Zanella Motor is a ancient Argentine brand. After to risk bankruptcy in 2020, it is recovering. In 2022 sales kept growing with 48.024 registrations (+19.1%), 90% made in Argentina and the rest in Uruguay.
Zanella Motor, a well-established Argentine brand founded in 1948, has made a truly dramatic comeback after being on the verge of bankruptcy five years ago.
In 2022, its sales were up 19.1% to 48,024 units — a remarkable turnaround from the situation in 2019 when all four factories were closed and much of its stock had been auctioned.
The company was founded by Italian brothers Juan and Santiago Zanella together with Ariodante Marcer and Mario De Lásica, who had emigrated from Italy shortly after the end of World War 2. The company was named Zanella Hermanos.

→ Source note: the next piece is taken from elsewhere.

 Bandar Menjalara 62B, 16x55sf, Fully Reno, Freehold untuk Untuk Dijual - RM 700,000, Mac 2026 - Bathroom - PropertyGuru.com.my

Zanella Hermanos began by producing car parts and accessories for Fiat and Peugeot. In 1957 it established a factory at Caseros in Buenos Aires after entering a licencing agreement with Italian motorcycle manufacturer Ceccato. Motorcycle production began with 100cc and 125cc models using an engine designed by famed Ducati engineer Fabio Taglioni. Many of the components were made in the Caseros factory.

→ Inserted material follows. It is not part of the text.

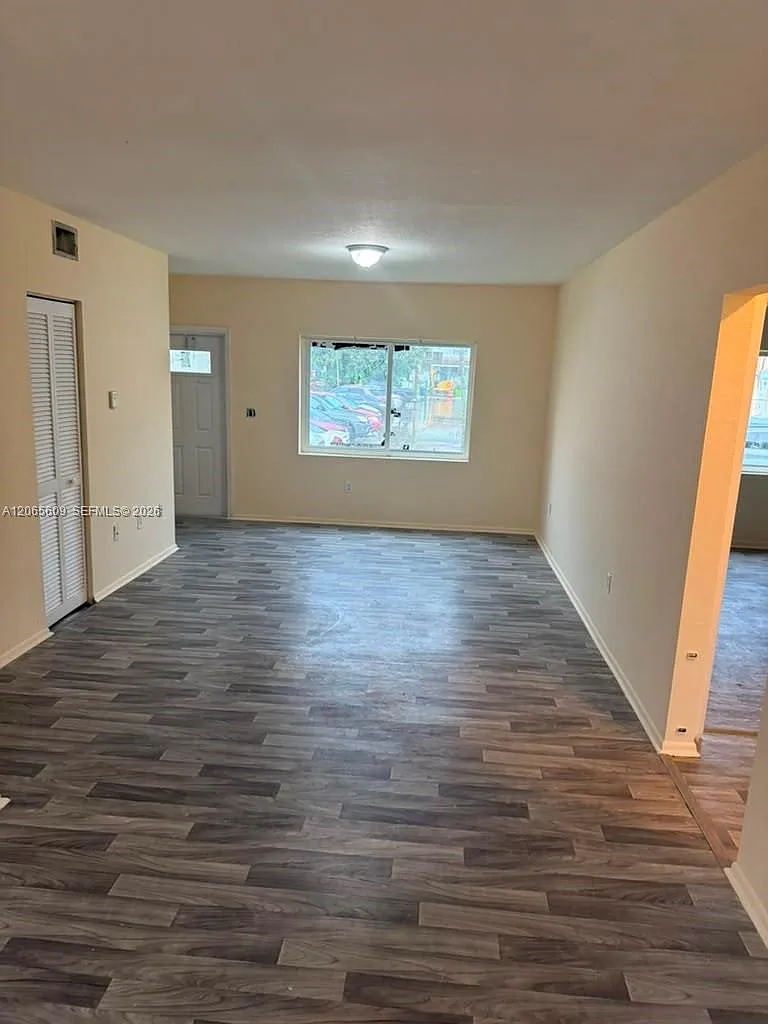 Sunset Palm Villas Condo — Photo 3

A contract with Italian manufacturer Piaggio was signed in 1970 and by the end of the 1980s the Argentine company was exporting scooters to many South American countries, as well as North America and Africa.
In 1990 Zanelli partnered with Yamaha and began producing Moto Minarelli-powered machines. (Minarelli was owned by Yamaha in that period). It continued that up to 1999 when the company got into financial trouble.
Change of ownership
Swiss engineer Walter Steiner took control of the company, acquiring 51% of the shares. Soon his family owned 100% of the company. Steiner was voted CEO in September 1999.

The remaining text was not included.